Back to Duncansville and the dangers and potential consequences that have been in play there, culminating in the June 12 Mirror article and this editorial.
The situation is much more serious than what some people might consider it to be as they pooh-pooh efforts and the authorities who are seeking to get the situation under control. Other communities should pay attention, including, nearby, a couple municipalities in Bedford County, where evolving situations should be shut down before they grow into something imitating Duncansville’s.
There is nothing wrong with e-bikes if they are operated responsibly and lawfully; the trouble is, in some cases they are not and that needs to be rectified.
As reported in the June 12 article, some residents attending a June 10 Duncansville Borough Council meeting voiced concerns about individuals who they said had been riding electric bicycles and scooters at night, disturbing people who live nearby.
Those residents also alleged that young adolescents had been damaging or destroying private property.

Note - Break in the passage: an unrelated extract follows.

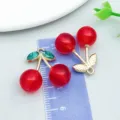 Roter Kirsch-Anhänger aus Legierung mit grünen Kristallblättern und Maßstab für DIY - Harz Grüner Stein Kirsche (23418)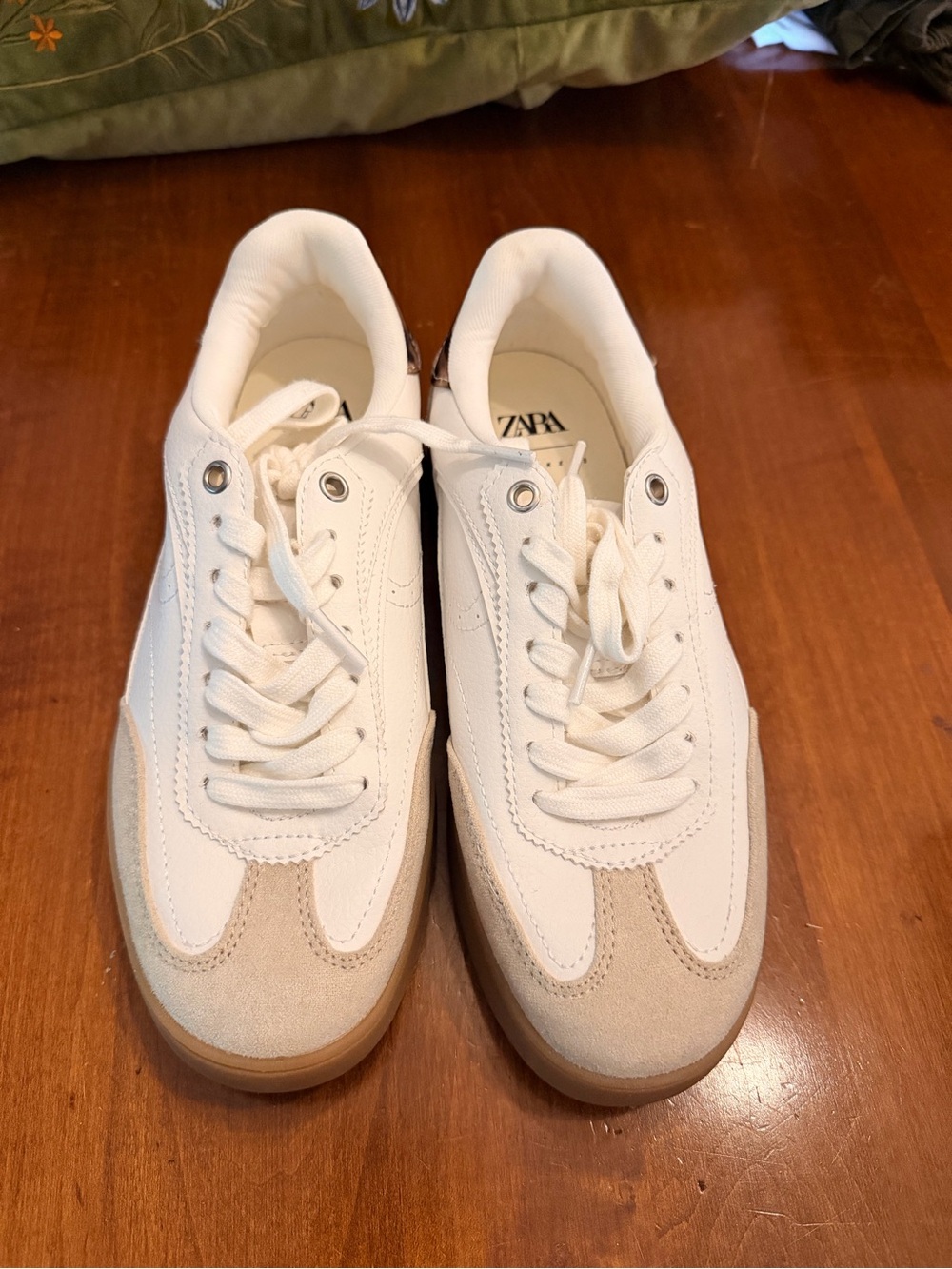 Zara Women’s Cream and Tan Leather & Suede Sneakers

Borough Manager Rodney Estep, who also is Duncansville’s police chief, told people at the meeting that he had engaged in 12 interactions with young people riding on e-bikes — first to educate those young people about laws related to riding the bikes and, second, about the consequences tied to riding an e-bike while underage.
To crack down on underage e-bike usage, Estep said, he even had talked with some parents about the laws applicable to such riding, hoping those parents would, by their help, play a part in someday preventing an accident or worse.
Consider some possible, troubling scenarios:
≥ An e-bike rider losing control of his or her speeding bike and crashing into a moving vehicle, losing his or her life.
≥ An e-bike rider entering vehicle traffic and causing an accident that claims the life of an innocent motorist and, perhaps, a passenger in that motorist’s vehicle.
≥ An elderly motorist, so traumatized by the instant in which his or her vehicle is involved in an accident with a speeding e-bike, suffers a fatal cardiac episode.
And, there are myriad other possible scenarios, none of them “pretty.”
The point is that such situations must be prevented and they are preventable, if responsibility, common sense and a sense of maturity prevail.
And, yes, parents are an important component of the prevention factor who must be willing to do their part.
Persistence and commitment to enforcing applicable laws will continue to be the key.
Don’t wait until floral arrangements start arriving to honor someone who should not have been a victim.